** RECORDED DATA **
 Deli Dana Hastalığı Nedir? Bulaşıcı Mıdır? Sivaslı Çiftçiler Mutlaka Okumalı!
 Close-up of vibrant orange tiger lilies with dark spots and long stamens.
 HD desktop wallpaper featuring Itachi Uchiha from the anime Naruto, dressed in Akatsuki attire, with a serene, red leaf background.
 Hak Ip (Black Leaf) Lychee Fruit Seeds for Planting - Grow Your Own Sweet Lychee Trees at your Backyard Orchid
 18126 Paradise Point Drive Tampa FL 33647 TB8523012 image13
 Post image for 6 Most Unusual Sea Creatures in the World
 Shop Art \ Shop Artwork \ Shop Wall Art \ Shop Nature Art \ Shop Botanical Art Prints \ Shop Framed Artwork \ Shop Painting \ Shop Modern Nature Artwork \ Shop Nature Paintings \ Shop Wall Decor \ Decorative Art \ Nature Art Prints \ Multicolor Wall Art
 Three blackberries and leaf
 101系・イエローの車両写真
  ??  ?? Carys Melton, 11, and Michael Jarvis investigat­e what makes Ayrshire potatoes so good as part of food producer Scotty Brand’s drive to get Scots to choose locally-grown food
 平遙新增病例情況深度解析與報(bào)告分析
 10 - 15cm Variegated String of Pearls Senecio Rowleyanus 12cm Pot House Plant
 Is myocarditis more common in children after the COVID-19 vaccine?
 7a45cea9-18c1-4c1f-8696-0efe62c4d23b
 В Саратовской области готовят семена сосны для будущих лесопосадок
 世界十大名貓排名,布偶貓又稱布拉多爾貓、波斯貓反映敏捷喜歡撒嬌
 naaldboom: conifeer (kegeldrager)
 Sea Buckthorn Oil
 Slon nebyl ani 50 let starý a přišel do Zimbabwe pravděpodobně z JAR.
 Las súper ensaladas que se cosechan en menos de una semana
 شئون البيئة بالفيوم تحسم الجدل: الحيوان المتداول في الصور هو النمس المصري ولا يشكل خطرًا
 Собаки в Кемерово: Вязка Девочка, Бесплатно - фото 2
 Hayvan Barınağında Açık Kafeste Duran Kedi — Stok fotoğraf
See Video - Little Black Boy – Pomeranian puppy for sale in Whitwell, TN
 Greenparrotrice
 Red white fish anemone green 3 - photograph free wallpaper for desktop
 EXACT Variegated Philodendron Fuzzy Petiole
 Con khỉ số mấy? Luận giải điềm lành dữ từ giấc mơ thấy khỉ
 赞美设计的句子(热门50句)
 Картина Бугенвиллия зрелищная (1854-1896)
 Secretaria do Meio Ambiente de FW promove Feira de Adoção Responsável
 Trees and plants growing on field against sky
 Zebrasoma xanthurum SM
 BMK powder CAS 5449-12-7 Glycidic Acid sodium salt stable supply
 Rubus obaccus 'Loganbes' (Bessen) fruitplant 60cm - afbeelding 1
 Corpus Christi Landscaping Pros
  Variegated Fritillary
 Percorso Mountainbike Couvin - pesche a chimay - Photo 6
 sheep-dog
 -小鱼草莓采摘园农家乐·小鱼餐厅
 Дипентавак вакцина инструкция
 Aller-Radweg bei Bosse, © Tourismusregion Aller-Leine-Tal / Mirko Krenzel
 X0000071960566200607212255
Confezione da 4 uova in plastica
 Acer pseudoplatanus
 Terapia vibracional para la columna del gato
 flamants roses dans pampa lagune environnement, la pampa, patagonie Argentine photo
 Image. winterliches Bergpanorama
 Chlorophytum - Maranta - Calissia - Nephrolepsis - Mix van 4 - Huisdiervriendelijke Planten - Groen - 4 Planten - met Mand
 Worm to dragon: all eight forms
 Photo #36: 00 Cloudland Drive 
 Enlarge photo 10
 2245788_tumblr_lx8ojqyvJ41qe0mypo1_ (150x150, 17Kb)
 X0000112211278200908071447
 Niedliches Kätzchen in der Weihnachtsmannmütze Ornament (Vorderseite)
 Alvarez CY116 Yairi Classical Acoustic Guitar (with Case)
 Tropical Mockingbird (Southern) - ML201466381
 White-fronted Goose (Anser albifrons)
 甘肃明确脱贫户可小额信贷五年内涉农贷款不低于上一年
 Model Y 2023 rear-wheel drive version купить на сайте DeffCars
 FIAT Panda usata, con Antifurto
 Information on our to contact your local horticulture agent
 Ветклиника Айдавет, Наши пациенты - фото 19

** WHAT YOU ARE ASKED TO DO **
All of the data must be returned exactly.

** SOLUTION FOR THIS PROBLEM **
 Deli Dana Hastalığı Nedir? Bulaşıcı Mıdır? Sivaslı Çiftçiler Mutlaka Okumalı!
 Close-up of vibrant orange tiger lilies with dark spots and long stamens.
 HD desktop wallpaper featuring Itachi Uchiha from the anime Naruto, dressed in Akatsuki attire, with a serene, red leaf background.
 Hak Ip (Black Leaf) Lychee Fruit Seeds for Planting - Grow Your Own Sweet Lychee Trees at your Backyard Orchid
 18126 Paradise Point Drive Tampa FL 33647 TB8523012 image13
 Post image for 6 Most Unusual Sea Creatures in the World
 Shop Art \ Shop Artwork \ Shop Wall Art \ Shop Nature Art \ Shop Botanical Art Prints \ Shop Framed Artwork \ Shop Painting \ Shop Modern Nature Artwork \ Shop Nature Paintings \ Shop Wall Decor \ Decorative Art \ Nature Art Prints \ Multicolor Wall Art
 Three blackberries and leaf
 101系・イエローの車両写真
  ??  ?? Carys Melton, 11, and Michael Jarvis investigat­e what makes Ayrshire potatoes so good as part of food producer Scotty Brand’s drive to get Scots to choose locally-grown food
 平遙新增病例情況深度解析與報(bào)告分析
 10 - 15cm Variegated String of Pearls Senecio Rowleyanus 12cm Pot House Plant
 Is myocarditis more common in children after the COVID-19 vaccine?
 7a45cea9-18c1-4c1f-8696-0efe62c4d23b
 В Саратовской области готовят семена сосны для будущих лесопосадок
 世界十大名貓排名,布偶貓又稱布拉多爾貓、波斯貓反映敏捷喜歡撒嬌
 naaldboom: conifeer (kegeldrager)
 Sea Buckthorn Oil
 Slon nebyl ani 50 let starý a přišel do Zimbabwe pravděpodobně z JAR.
 Las súper ensaladas que se cosechan en menos de una semana
 شئون البيئة بالفيوم تحسم الجدل: الحيوان المتداول في الصور هو النمس المصري ولا يشكل خطرًا
 Собаки в Кемерово: Вязка Девочка, Бесплатно - фото 2
 Hayvan Barınağında Açık Kafeste Duran Kedi — Stok fotoğraf
See Video - Little Black Boy – Pomeranian puppy for sale in Whitwell, TN
 Greenparrotrice
 Red white fish anemone green 3 - photograph free wallpaper for desktop
 EXACT Variegated Philodendron Fuzzy Petiole
 Con khỉ số mấy? Luận giải điềm lành dữ từ giấc mơ thấy khỉ
 赞美设计的句子(热门50句)
 Картина Бугенвиллия зрелищная (1854-1896)
 Secretaria do Meio Ambiente de FW promove Feira de Adoção Responsável
 Trees and plants growing on field against sky
 Zebrasoma xanthurum SM
 BMK powder CAS 5449-12-7 Glycidic Acid sodium salt stable supply
 Rubus obaccus 'Loganbes' (Bessen) fruitplant 60cm - afbeelding 1
 Corpus Christi Landscaping Pros
  Variegated Fritillary
 Percorso Mountainbike Couvin - pesche a chimay - Photo 6
 sheep-dog
 -小鱼草莓采摘园农家乐·小鱼餐厅
 Дипентавак вакцина инструкция
 Aller-Radweg bei Bosse, © Tourismusregion Aller-Leine-Tal / Mirko Krenzel
 X0000071960566200607212255
Confezione da 4 uova in plastica
 Acer pseudoplatanus
 Terapia vibracional para la columna del gato
 flamants roses dans pampa lagune environnement, la pampa, patagonie Argentine photo
 Image. winterliches Bergpanorama
 Chlorophytum - Maranta - Calissia - Nephrolepsis - Mix van 4 - Huisdiervriendelijke Planten - Groen - 4 Planten - met Mand
 Worm to dragon: all eight forms
 Photo #36: 00 Cloudland Drive 
 Enlarge photo 10
 2245788_tumblr_lx8ojqyvJ41qe0mypo1_ (150x150, 17Kb)
 X0000112211278200908071447
 Niedliches Kätzchen in der Weihnachtsmannmütze Ornament (Vorderseite)
 Alvarez CY116 Yairi Classical Acoustic Guitar (with Case)
 Tropical Mockingbird (Southern) - ML201466381
 White-fronted Goose (Anser albifrons)
 甘肃明确脱贫户可小额信贷五年内涉农贷款不低于上一年
 Model Y 2023 rear-wheel drive version купить на сайте DeffCars
 FIAT Panda usata, con Antifurto
 Information on our to contact your local horticulture agent
 Ветклиника Айдавет, Наши пациенты - фото 19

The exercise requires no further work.